The problem
Return every line of the data that contains the string "Image".

Data for this task
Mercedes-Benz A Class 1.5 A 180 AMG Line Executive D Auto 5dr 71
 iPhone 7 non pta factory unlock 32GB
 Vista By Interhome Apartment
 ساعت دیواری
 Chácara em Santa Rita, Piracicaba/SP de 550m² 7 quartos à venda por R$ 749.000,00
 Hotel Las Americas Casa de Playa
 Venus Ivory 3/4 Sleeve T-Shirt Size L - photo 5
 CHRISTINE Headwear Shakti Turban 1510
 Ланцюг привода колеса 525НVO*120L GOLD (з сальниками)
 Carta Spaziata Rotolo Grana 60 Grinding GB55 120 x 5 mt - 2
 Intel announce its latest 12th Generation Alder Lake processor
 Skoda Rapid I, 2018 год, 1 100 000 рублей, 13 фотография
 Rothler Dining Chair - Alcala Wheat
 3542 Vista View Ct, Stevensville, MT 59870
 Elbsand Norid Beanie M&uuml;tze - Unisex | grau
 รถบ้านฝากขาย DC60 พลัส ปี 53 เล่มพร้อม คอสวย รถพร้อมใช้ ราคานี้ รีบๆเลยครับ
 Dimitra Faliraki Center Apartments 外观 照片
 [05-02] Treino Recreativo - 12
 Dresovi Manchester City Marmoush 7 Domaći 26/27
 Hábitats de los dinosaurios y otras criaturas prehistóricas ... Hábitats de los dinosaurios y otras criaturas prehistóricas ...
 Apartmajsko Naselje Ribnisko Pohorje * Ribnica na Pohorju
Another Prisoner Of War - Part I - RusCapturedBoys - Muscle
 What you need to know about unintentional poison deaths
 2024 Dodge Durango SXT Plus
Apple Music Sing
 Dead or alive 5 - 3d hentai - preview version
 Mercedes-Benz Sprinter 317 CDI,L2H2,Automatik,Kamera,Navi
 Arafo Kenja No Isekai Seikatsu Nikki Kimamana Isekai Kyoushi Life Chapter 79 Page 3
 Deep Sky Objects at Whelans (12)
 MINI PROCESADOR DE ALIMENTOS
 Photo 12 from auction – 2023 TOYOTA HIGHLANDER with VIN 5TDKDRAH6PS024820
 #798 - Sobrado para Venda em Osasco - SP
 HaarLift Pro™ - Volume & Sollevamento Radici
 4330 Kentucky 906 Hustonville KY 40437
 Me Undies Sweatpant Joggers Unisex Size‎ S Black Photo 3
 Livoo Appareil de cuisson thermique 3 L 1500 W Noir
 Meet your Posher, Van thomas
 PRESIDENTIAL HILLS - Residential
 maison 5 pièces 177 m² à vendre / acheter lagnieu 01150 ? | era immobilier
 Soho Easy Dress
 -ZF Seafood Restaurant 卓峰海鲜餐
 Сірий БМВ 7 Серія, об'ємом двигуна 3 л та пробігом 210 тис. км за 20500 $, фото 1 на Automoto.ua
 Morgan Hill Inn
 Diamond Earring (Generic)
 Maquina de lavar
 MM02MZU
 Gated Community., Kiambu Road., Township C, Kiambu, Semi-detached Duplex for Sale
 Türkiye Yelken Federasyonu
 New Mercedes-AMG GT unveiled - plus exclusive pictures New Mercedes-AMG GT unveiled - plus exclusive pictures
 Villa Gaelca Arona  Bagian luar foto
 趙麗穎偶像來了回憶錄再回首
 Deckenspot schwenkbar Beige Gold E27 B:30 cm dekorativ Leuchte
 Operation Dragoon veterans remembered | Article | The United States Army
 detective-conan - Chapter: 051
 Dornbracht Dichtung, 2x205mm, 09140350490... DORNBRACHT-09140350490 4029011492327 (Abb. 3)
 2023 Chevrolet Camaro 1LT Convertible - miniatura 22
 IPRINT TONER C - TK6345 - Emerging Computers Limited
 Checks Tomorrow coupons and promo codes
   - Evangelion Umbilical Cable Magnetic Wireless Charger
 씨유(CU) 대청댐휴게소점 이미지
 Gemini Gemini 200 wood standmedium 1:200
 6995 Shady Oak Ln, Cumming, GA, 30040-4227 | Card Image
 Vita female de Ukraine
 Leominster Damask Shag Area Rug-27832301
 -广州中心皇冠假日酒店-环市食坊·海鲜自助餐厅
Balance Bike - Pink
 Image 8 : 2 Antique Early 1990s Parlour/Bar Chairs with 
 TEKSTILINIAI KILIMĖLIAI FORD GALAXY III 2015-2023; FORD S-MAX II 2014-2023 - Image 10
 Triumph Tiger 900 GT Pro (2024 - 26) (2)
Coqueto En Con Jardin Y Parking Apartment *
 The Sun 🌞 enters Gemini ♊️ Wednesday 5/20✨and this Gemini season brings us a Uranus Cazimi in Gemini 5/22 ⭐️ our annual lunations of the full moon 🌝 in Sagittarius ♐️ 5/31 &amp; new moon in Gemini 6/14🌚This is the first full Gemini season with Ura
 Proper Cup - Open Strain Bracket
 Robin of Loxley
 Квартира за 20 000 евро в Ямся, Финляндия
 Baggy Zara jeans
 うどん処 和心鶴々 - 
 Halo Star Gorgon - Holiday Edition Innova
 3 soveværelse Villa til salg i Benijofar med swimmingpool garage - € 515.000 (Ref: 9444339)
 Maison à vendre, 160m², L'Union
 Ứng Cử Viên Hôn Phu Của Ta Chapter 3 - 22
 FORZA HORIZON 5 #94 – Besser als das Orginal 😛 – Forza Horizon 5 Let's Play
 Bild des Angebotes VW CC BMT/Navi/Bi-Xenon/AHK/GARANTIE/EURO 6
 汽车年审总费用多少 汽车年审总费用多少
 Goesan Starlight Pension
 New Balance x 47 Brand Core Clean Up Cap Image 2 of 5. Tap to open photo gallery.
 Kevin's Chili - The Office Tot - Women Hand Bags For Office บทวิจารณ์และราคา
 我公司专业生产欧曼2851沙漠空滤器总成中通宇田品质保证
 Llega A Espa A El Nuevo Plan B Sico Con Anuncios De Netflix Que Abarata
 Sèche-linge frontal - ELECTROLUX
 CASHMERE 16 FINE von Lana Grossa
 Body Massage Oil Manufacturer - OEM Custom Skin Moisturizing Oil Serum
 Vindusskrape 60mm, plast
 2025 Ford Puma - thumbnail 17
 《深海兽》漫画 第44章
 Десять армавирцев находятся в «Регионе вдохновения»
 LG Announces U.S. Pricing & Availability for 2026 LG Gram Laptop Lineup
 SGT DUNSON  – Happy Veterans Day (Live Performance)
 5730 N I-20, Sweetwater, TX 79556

Solved exercise
 6995 Shady Oak Ln, Cumming, GA, 30040-4227 | Card Image
 Image 8 : 2 Antique Early 1990s Parlour/Bar Chairs with 
 TEKSTILINIAI KILIMĖLIAI FORD GALAXY III 2015-2023; FORD S-MAX II 2014-2023 - Image 10
 New Balance x 47 Brand Core Clean Up Cap Image 2 of 5. Tap to open photo gallery.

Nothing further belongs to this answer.